Judgment, Supreme Court, New York County (Daniel McCullough, J.), rendered March 30, 2011, convicting defendant, after a jury trial, of criminal sale of a controlled substance in the third degree and criminal possession of a controlled substance in the third degree, and sentencing him, as a second felony drug offender whose prior felony conviction was a violent felony, to concurrent terms of six years, unanimously affirmed.
In this buy and bust case, in which defendant was found to have sold heroin to an undercover police officer, we find that defendant has not sustained his claim that Supreme Court violated his Sixth Amendment right to a public trial by closing the courtroom while the officer testified. While, initially, the court improperly granted the People’s application for closure without conducting a hearing pursuant to People v Hinton (31 NY2d 71 [1972], cert denied 410 US 911 [1973]), the People immediately alerted the court to the need for a Hinton hearing, which was then conducted. The court stated that “[i]f any additional information comes in [during the hearing] to make me change my *502mind, it will be open then.” This statement did not improperly shift the burden of proof on the application from the People to defendant. The court had already heard what it deemed grounds for partial closure and was merely informing the parties that it would reconsider based on evidence adduced at the Hinton hearing.
In any event, the evidence established the type of overriding interest warranting the limited closure of the courtroom that has been upheld (see Waller v Georgia, 467 US 39 [1984]; People v Campbell, 16 NY3d 756 [2011]; People v Alvarez, 51 AD3d 167, 175 [1st Dept 2008], lv denied 11 NY3d 785 [2008]). The undercover officer’s testimony at the hearing supported the court’s finding that testifying at trial in an open courtroom would compromise his undercover work and jeopardize his and his family’s safety (see People v Echevarria, 21 NY3d 1, 12-14 [2013], cert denied 571 US —, 134 S Ct 823 [2013]). The officer testified that he had been working undercover for four years, that he was on active duty and bought drugs for buy and bust arrests three or four times per week, and that he had made about 10 purchases near where he bought the drugs from defendant. The officer further testified that several of his investigations were ongoing, that certain targets remained at large, that he had been verbally threatened while working undercover, and that he took numerous precautions to conceal his identity when he had to testify in court.

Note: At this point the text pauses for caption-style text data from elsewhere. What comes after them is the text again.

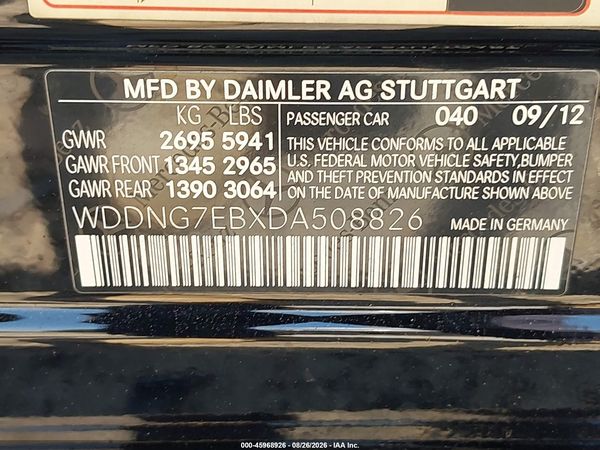 2013 MERCEDES-BENZ S 63 AMG S63 AMG
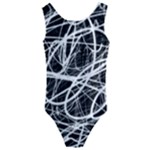 Flower Print Doodle Pattern Floral Kids  Cut-Out Back One Piece Swimsuit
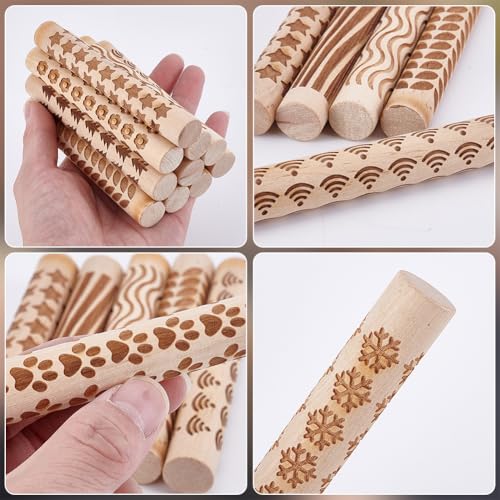 WADORN 10 Styles Wooden Clay Texture Rollers Set for Pottery, 10Pcs Wood Handle Pottery Tools 4.3x0.6'' Clay Textured Rolling Pin Modeling Pattern Roller Kit for DIY Crafts Ceramics Modeling Painting
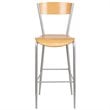 Home Square Metal Restaurant Bar Stool in Natural and Silver - Set of 3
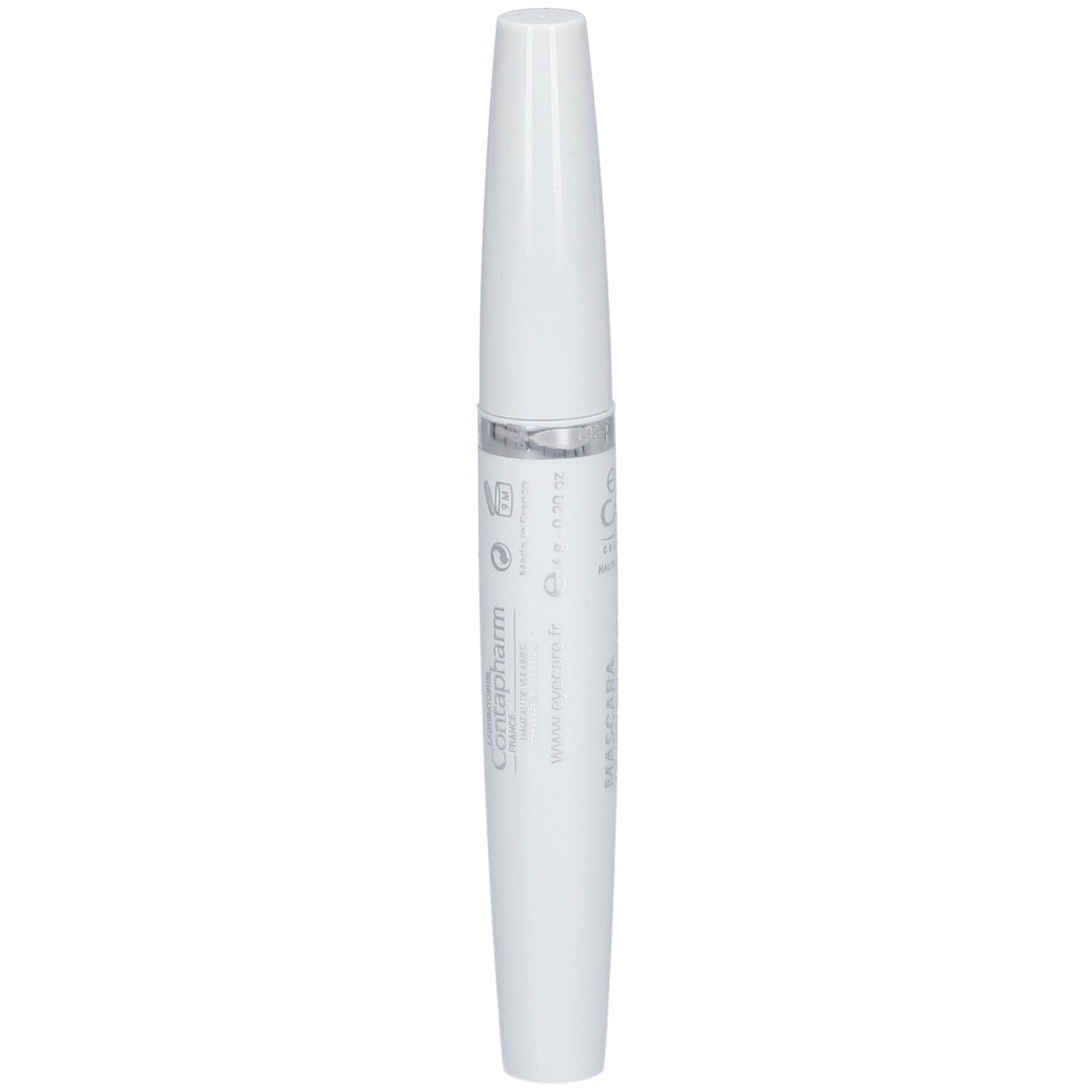 Weiße Mascarahülse mit silbernem Ring. Text: Costapharm, Mascara, Bleu Marine. Für Kontaktlinsenträger.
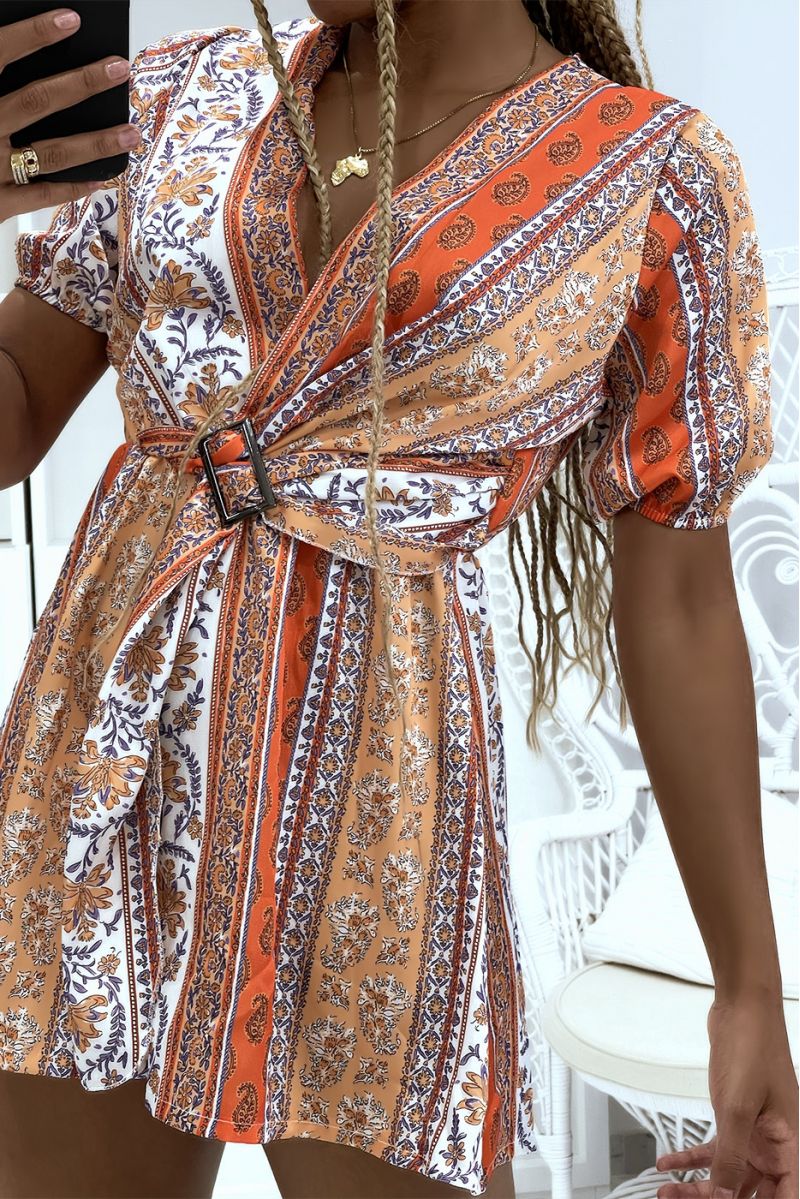 Orange satin wrap jumpsuit with floral print and belt at the waist - 4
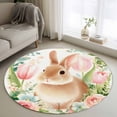 thumbnail image 1 of Round Rugs 4Ft, Easter Bunny Round Area Rug Washable Indoor Throw Carpet, Pink Tulip Flowers Rabbit Country Botanical Soft Non Slip Circle Rug for Kitchen Nursery Room Home Decor Aesthetic, 1 of 8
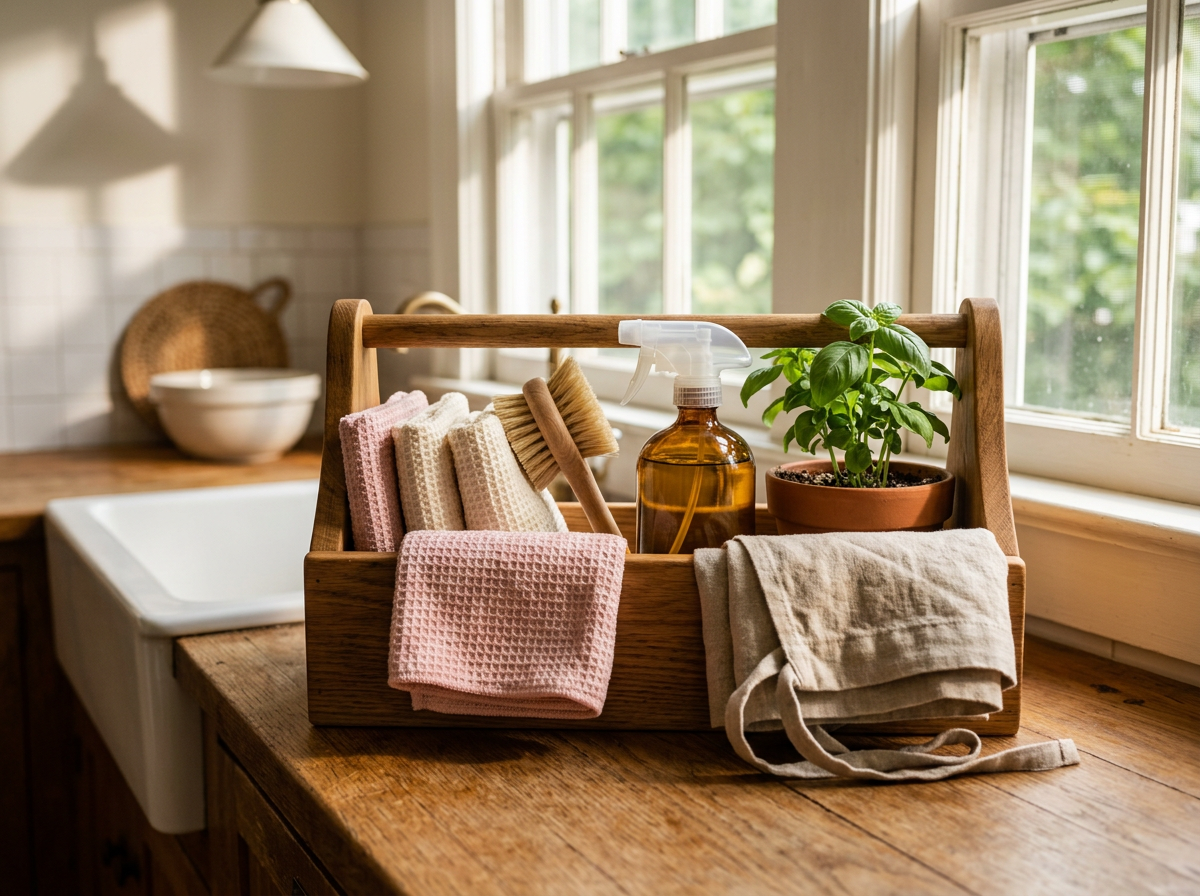 Warm sunlit kitchen counter with a wooden cleaning caddy holding microfiber cloths, brush, and amber spray bottle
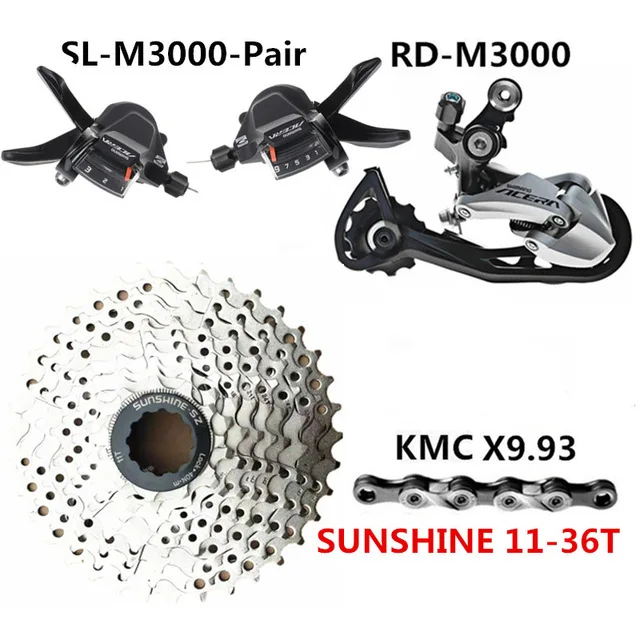 SHIMANO ACERA SL-M3000 относится к 9-27-скорость горный велосипед RD-M3000 солнце 9S маховик KMC X9 переключения комплект - Цвет: Pair 36T kit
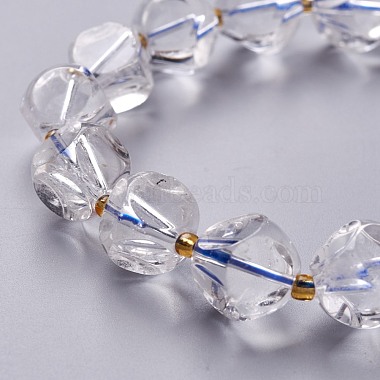 Faceted Natural Quartz Crystal Stretch Beaded Bracelets(BJEW-H543-C10)-2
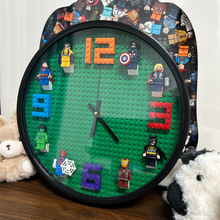 卡通积木人仔时钟兼容乐高挂钟墙面装饰儿童房卧室壁钟表壁挂式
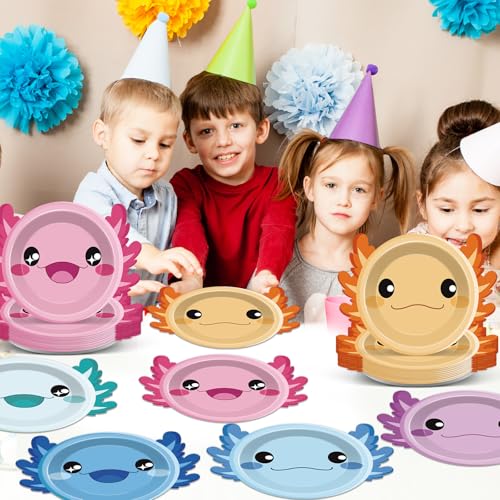 Image of 60Pcs Axolotl Party Decorations AxolotlBirthday Paper Plate Tableware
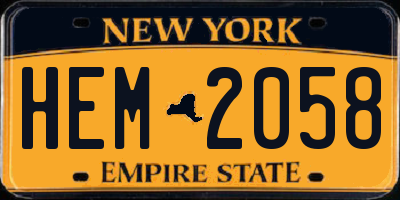 NY license plate HEM2058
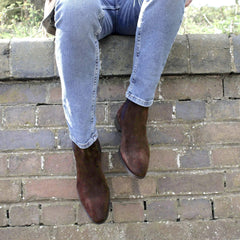 BROWN SUEDE LEATHER SLIP ON CHELSEA BOOTS - BBR10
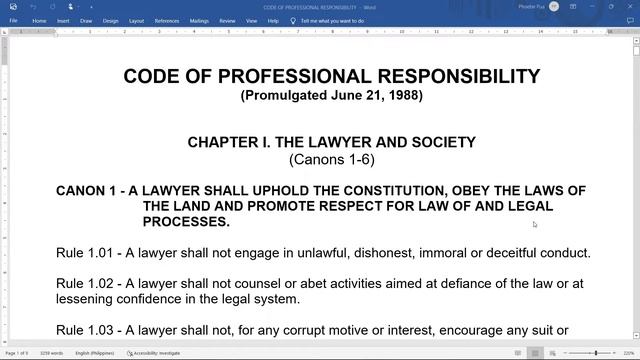 Code of Professional Responsibility (CPR) for Lawyers (PH) CANON 1 (Rules 1.01-1.04) On Repeat 3x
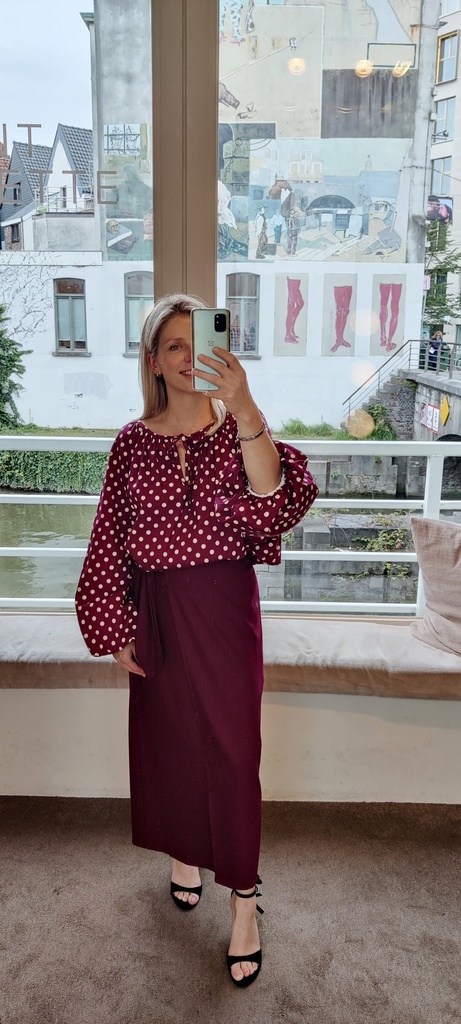 Blouse Balloon Dots Burgundy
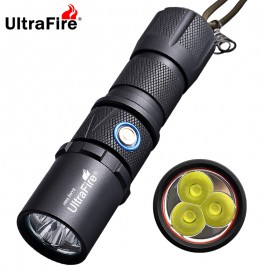 UltraFire Outdoor 3*XHP70 LED Glare Flashlight TYPE-C USB Rechargeable High Lumen Flashlight with 26650Battery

The court’s decision to exclude defendant’s sister, who lived within two blocks of the location where the officer bought drugs from defendant and where he continued to work undercover, is consistent with our prior holdings (see People v Campbell, 66 AD3d 590 [1st Dept 2009], affd 16 NY3d 756 [2011]; Alvarez, 51 AD3d at 175). The officer testified that he was concerned that defendant’s sister might expose his identity.
Although defendant preserved his general claims that the courtroom should not have been closed, and that his sister should not have been excluded, he did not preserve his specific procedural claims regarding the manner in which the court made these determinations. Specific objections were necessary because, in each instance “a timely objection . . . would have permitted the court to rectify the situation instantly” (People v Doster, 13 AD3d 114, 115 [2004], lv denied 4 NY3d 763 [2005]). Accordingly, we decline to review this claim in the interest of justice. As an alternative holding, we find that defendant’s procedural objections do not warrant reversal.
There is nothing in the record one way or the other with respect to defendant’s assertion that the court refused to consider *503alternatives to closure (see Waller, 467 US at 48). However, as the Court of Appeals has held, where the record in a buy-and-bust case “makes no mention of alternatives but is otherwise sufficient to establish the need to close the particular proceeding ... it can be implied that the trial court, in ordering closure, determined that no lesser alternative would protect the articulated interest” (People v Ramos, 90 NY2d 490, 503-504 [1997], cert denied 522 US 1002 [1997]; see also Echevarria, 21 NY3d at 18 [finding that the holding in Ramos is unaffected by Presley v Georgia (558 US 209 [2010])]).
Turning to defendant’s remaining claims, we find that the People also made a sufficient showing to support the court’s decision to permit the officer to testify under his shield number (see People v Waver, 3 NY3d 748 [2004]), and the court properly exercised its discretion in denying, on the ground of untimeliness, defendant’s request for a missing witness charge (see People v Medina, 35 AD3d 163 [1st Dept 2006], lv denied 8 NY3d 925 [2007]). Defendant did not preserve his claim that he was constitutionally entitled to learn the officer’s true name (see e.g. People v Acevedo, 62 AD3d 464, 464-465 [1st Dept 2009], lv denied 13 NY3d 741 [2009]), and we decline to review it in the interest of justice. As an alternative holding, we reject it on the merits (see id.).
Finally, defendant’s arguments concerning the sufficiency and weight of the evidence, based on a slight difference between the way the undercover officer and a technician described the color of the drugs, are without merit (see People v Danielson, 9 NY3d 342, 348-349 [2007]). Concur — Mazzarelli, J.P, Acosta, Renwick, Freedman and Manzanet-Daniels, JJ.